Go to GitLab.com and create an account if you do not already have one.
Once you are logged in, create a new project:
Clone the repository to your computer:
replace <USERNAME> with your Gitlab Username
git clone git@gitlab.com:<USERNAME>/notebook-to-production.git
Copy the application files into the folder. Add them to Git with git add .
, then commit and push the code to your GitLab Repo:
git add.
git commit -m "Initial Commit"
git push
Create a Kubernetes Cluster in the Digital Ocean Cloud
Following these steps on Digital Ocean will cost money
Create a Digital Ocean account and create a new project with your account.
Create Cluster
Inside of the new project, add a Kubernetes cluster:
It will take a while for your Cluster to Initialize.
Install Metrics Server
We will need the metrics server to use Horizontal Pod Auto-scaling later on.

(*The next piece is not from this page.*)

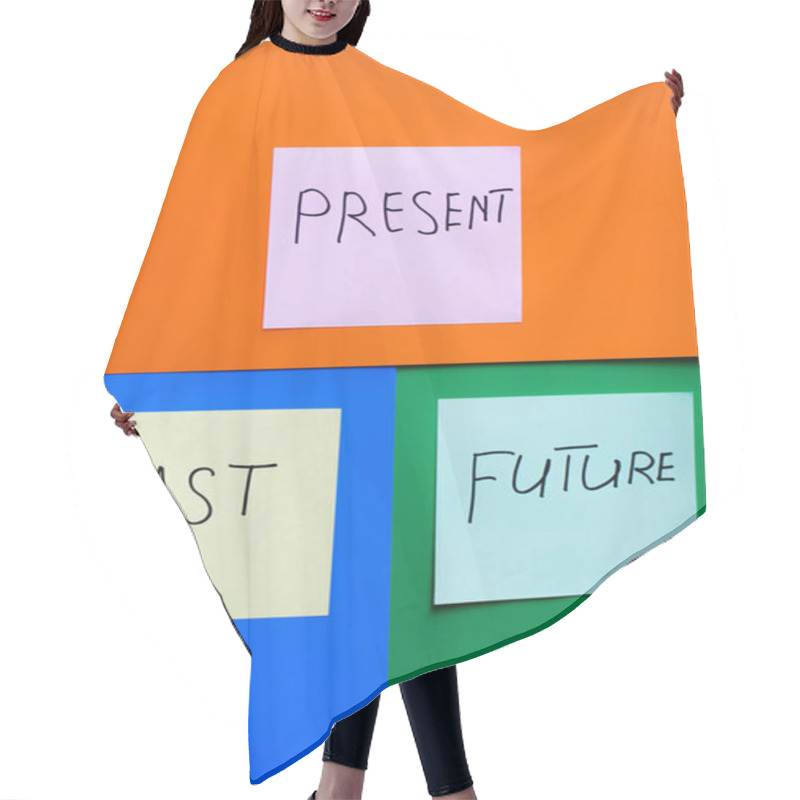 Personality  Top View Of Paper Notes With Word Present Above Past And Future On Orange, Green And Blue Background Hair Cutting Cape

After your cluster is done initializing, select Marketplace
from the menu on the left.
Search the marketplace for “Kubernetes Metrics Server”:
Select Install App
then Install on Existing Cluster
Select your cluster and install it.
This will install the metrics server on your Kubernetes Cluster.
Install kubectl
kubectl is the command-line tool for accessing your Kubernetes cluster and using the Kubernetes API. The official documentation from Google has great directions:
Download the kubeconfig
The kubeconfig is the configuration file that tells Kubectl how to talk to your Kubernetes cluster. To download the config file go to your Digital Ocean Kubernetes page:
Select Download Config and follow the instructions in the Quick connect with manual certificate management paragraph.
The output for the command should look similar to this:
Now that we have kubectl installed and using the right config, we will integrate it with our GitLab project.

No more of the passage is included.